Sceglie una storia che è popolare, popolarissima, pensata per far breccia dentro un sentire comune a qualsiasi spettatore, a prescindere dal genere e dall’età, e costruita sul terreno di un passato condiviso da molte delle nostre nonne e da molte delle donne del Dopoguerra: una storia familiare, di gente semplice che si arrabatta per tirare avanti, che cerca di star bene anche se ha poco; una storia di violenza di genere ancora inconsapevole e frutto della consuetudine, non ancora letta alla luce del femminismo di oggi. Sceglie personaggi italiani, italianissimi, al punto da essere degni pronipoti della commedia all’italiana, eppure contaminati da quel pizzico di modernità sufficiente a non farli sembrare caricature. Sceglie una protagonista, Delia (interpretata dalla stessa Cortellesi), che non è un’eroina femminista da cinema dei nostri anni ‘20, ma una donna alla ricerca di una possibilità, per sé, per la figlia, e inconsciamente per tutte le donne del suo tempo e di quello a seguire. Unisce, insomma, tutta una serie di elementi che funzionano, che sono adatti a un pubblico vasto. E li condisce con qualche delicatezza, con qualche attenzione: dalla scelta del bianco e nero per richiamare il neorealismo, alla trovata di non mostrare mai direttamente la violenza fisica subita da Delia, facendone anzi una sorta di danza, di “rito” a tempo di musica. L’idea, per un cinema che torni a riempire le sale, oggi che più che mai ce n’è bisogno, è buona, l’esecuzione, tuttavia, non sempre precisa: Paola Cortellesi firma anche la sceneggiatura, punto più critico dell’intera struttura filmica, con quei dialoghi spesso troppo didascalici, messi lì per fornire al pubblico spiegazioni (ma se i personaggi sanno le cose, perché dovrebbero dirle, se non al fine di ridurre a zero lo sforzo intellettuale di chi guarda?), e con qualche trovata davvero troppo inverosimile e naif, come l’intervento del soldato afroamericano.

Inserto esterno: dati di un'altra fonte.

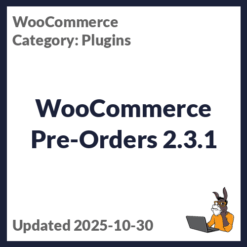 WooCommerce Pre-Orders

Il bianconero nella contemporaneità
L’uso del bianco e nero come tratto associativo tra un film della nostra contemporaneità e dell’epoca a cui esso – chiaramente – rimanda non è una novità inventata da Paola Cortellesi per il suo debutto. Espediente ormai classico del cinema moderno, lo ritroviamo in numerosi esempi, da “Ed Wood” di Tim Burton (che girava lui stesso in b&n), a “Good Night, and Good Luck” di George Clooney (per citare gli anni ‘50), a “Intrigo a Berlino” di Steven Soderbergh. Lungometraggio del 2006, costruito come un noir anni ‘40, questo film non proprio riuscito del regista statunitense riprende dal genere a cui si ispira non solo la trama, ma tutti gli aspetti stilistici. Oltre la fotografia, dunque, il formato, la colonna sonora, i dialoghi spesso enfatici, i costumi, per un risultato che lo ha fatto definire un clone di “Casablanca” e/o de “Il terzo uomo”. Nel bene o nel male.